#### Data shown:
────────

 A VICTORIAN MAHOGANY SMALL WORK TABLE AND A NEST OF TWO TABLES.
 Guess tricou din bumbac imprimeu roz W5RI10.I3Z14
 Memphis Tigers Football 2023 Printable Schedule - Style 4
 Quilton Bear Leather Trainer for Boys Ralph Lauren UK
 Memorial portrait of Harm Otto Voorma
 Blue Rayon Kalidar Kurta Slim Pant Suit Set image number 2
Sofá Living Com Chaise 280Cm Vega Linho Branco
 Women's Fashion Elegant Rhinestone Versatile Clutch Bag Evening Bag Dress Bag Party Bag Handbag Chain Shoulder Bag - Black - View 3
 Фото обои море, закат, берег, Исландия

────────

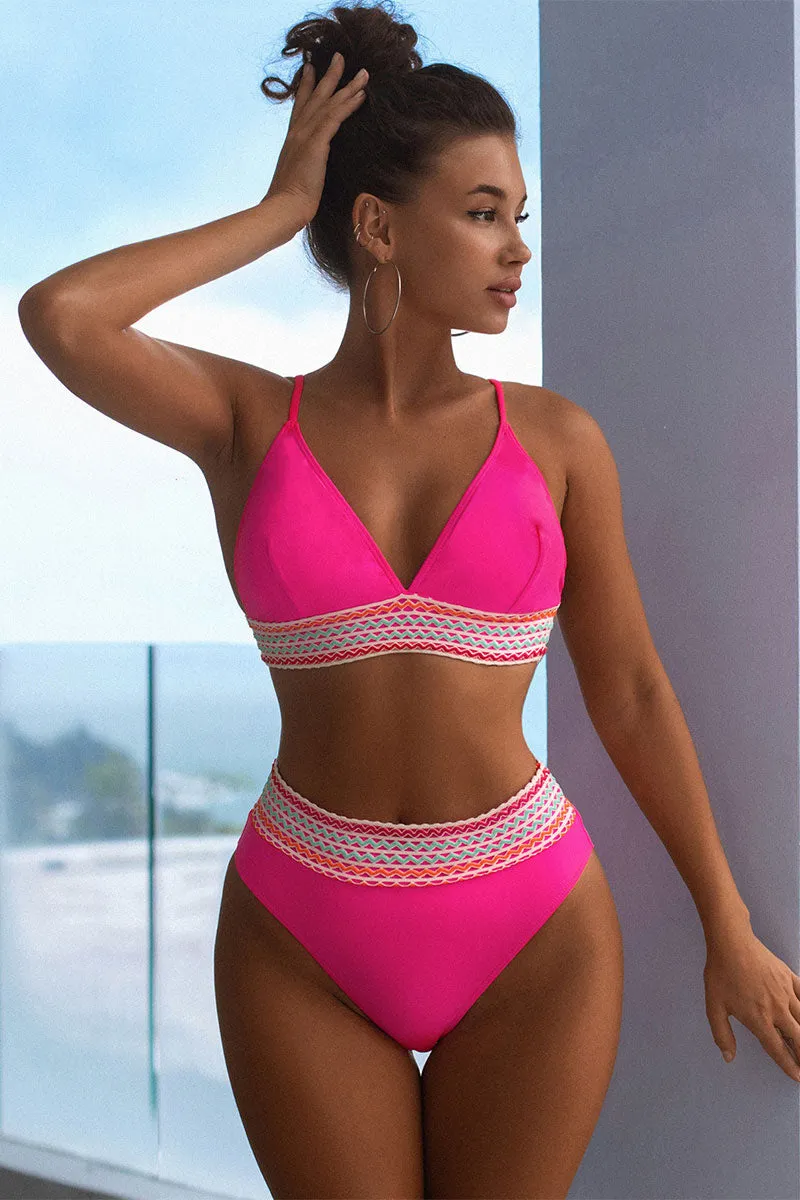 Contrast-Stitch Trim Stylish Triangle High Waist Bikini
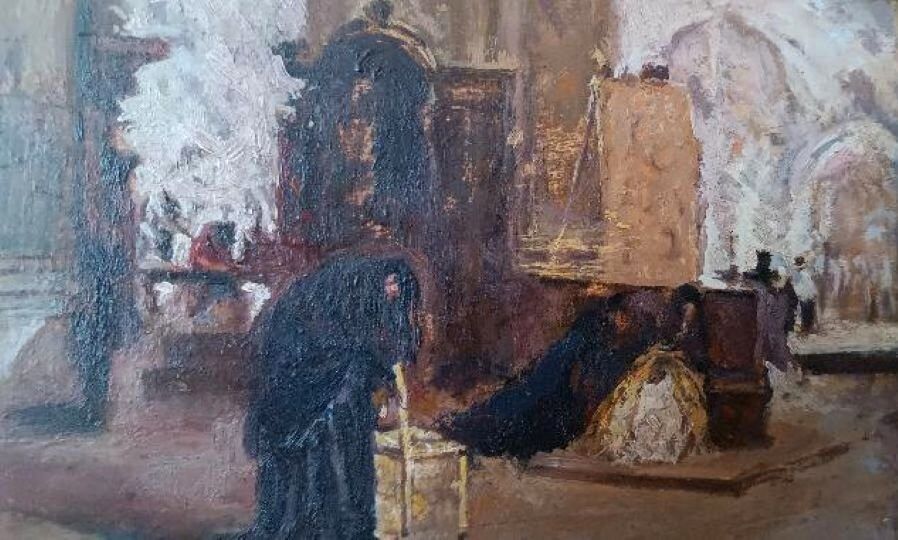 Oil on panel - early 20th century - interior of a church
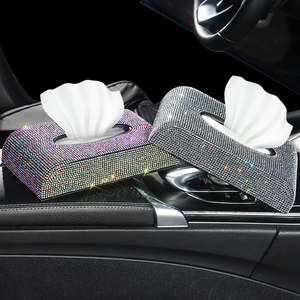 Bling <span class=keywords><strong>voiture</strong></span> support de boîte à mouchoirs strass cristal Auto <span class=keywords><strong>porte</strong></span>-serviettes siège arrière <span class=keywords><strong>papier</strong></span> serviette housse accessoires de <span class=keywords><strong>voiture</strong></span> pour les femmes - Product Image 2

────────

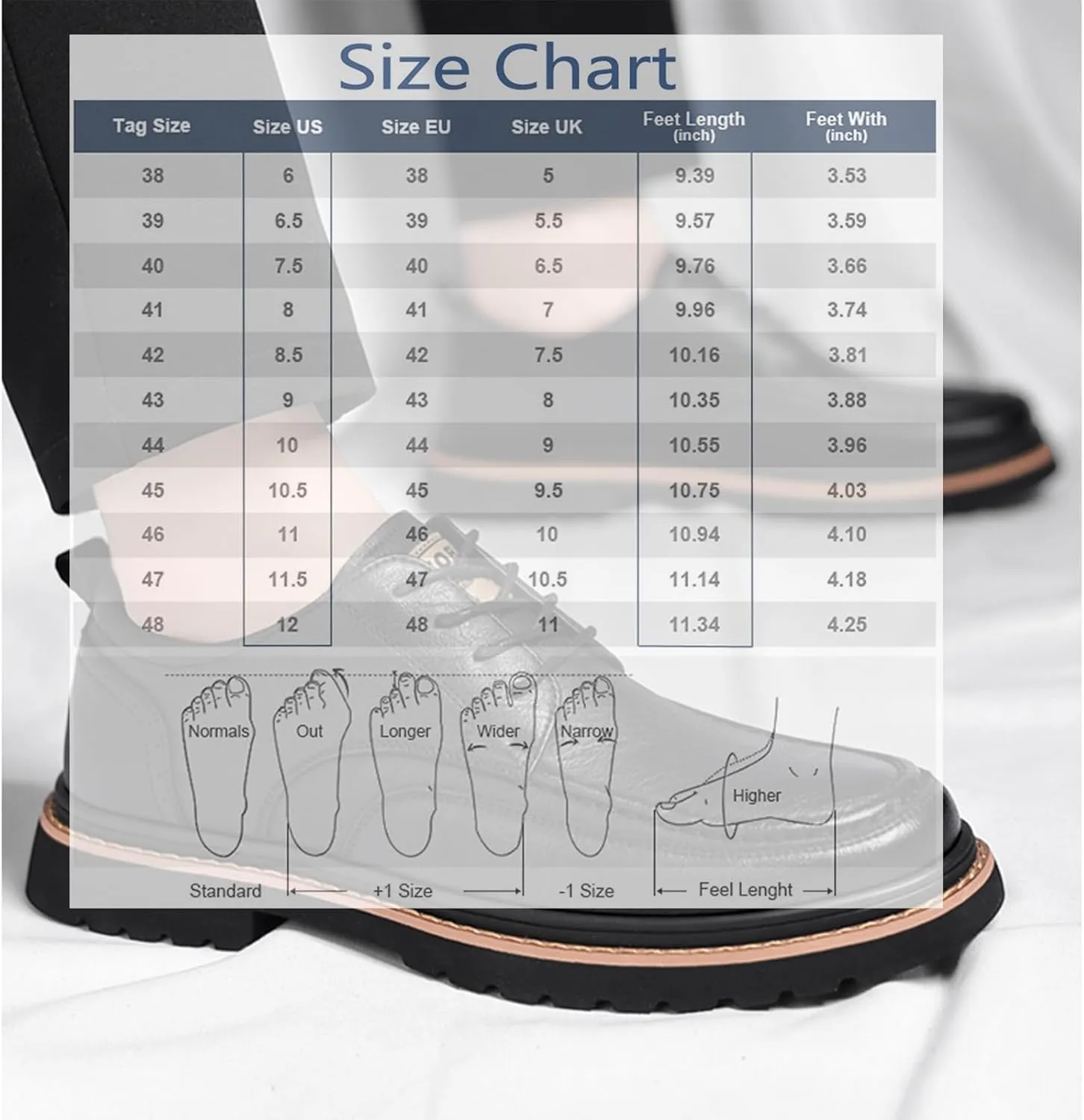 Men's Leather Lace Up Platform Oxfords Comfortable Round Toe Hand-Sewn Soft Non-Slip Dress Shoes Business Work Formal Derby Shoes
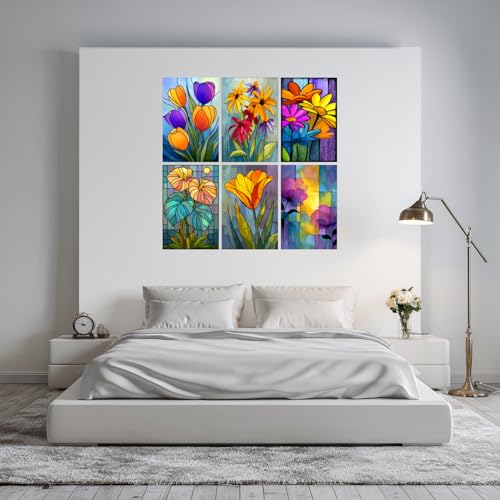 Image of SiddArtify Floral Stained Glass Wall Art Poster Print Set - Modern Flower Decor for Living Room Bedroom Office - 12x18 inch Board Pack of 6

────────

#### Your objective:
Set down, from the entries above, exactly the lines from the one with "A VICTORIAN MAHOGANY" up to and including the one with "Фото обои море, закат, берег, Исландия", and no other lines.

#### Exercise output:
 A VICTORIAN MAHOGANY SMALL WORK TABLE AND A NEST OF TWO TABLES.
 Guess tricou din bumbac imprimeu roz W5RI10.I3Z14
 Memphis Tigers Football 2023 Printable Schedule - Style 4
 Quilton Bear Leather Trainer for Boys Ralph Lauren UK
 Memorial portrait of Harm Otto Voorma
 Blue Rayon Kalidar Kurta Slim Pant Suit Set image number 2
Sofá Living Com Chaise 280Cm Vega Linho Branco
 Women's Fashion Elegant Rhinestone Versatile Clutch Bag Evening Bag Dress Bag Party Bag Handbag Chain Shoulder Bag - Black - View 3
 Фото обои море, закат, берег, Исландия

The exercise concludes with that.